Many of millimeter wave radar systems require very fast antenna beam scanning. For example, in collision
avoidance radars it is necessary to update radar data every 12 second. It means that the radar beam velocity
should not less than 2000 degrees/second if we would like to have angular scanning zone approximately 120
degrees in azimuth and 20 degrees in elevation. The best possible way to do this are electrically steering antenna
beam arrays: phase antenna arrays, or frequency steerable antenna beam arrays. Unfortunately, today the
mentioned antenna beam steering methods are impossible at frequencies in short mm waves. Another reason is
rather high cost of these technologies. Because designers of low cost navigation and collision avoidance radars are trying to find how to do the same in more simple way using mechanically steerable mmw antenna beam .

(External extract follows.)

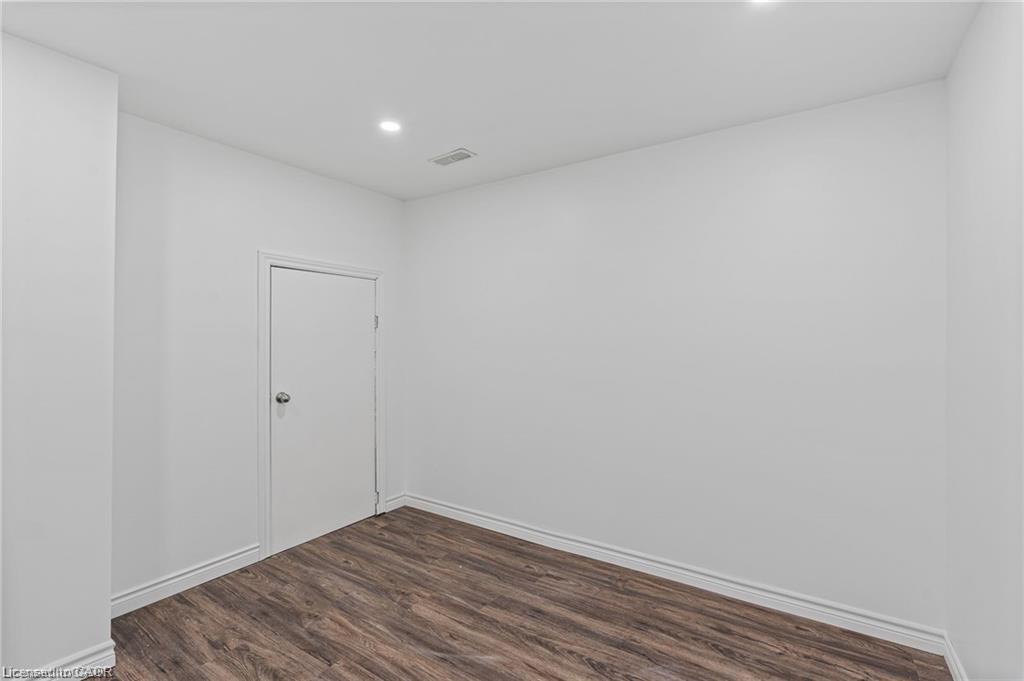 34 Sportsman Hill Street, Kitchener, ON - Indoor Photo Showing Other Room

LRERI has designed the 3-MMW fast scanning antenna for a compact search radar, for example, collision avoidance radar for low flying light aircrafts and helicopters or close range navigation radars.

The antenna is so called inversed Cassegrainian antenna type, that is antenna, having two reflectors- stationary
parabolic reflector and lightweight flat twist reflector.
The proposed idea to do fast antenna scanning (antenna beam velocity up to 2000 deg/sec) is to convert continuous rotary motion of electric engine (effector) into oscillatory motion of the flat twist reflector.
If we could do parameters twist reflector positioning gear matched to inertia oscillations of the twist reflector, the
gear power would be very low in comparing to classical method. To do it we have to adjust appropriately
parameters of the digital regulator. The work has been done using mathematical modeling.
The mathematical model of the positioning gear was developed and analyzed using MATHCAD and appropriate
proproduction model of the antenna have been fabricated and tested.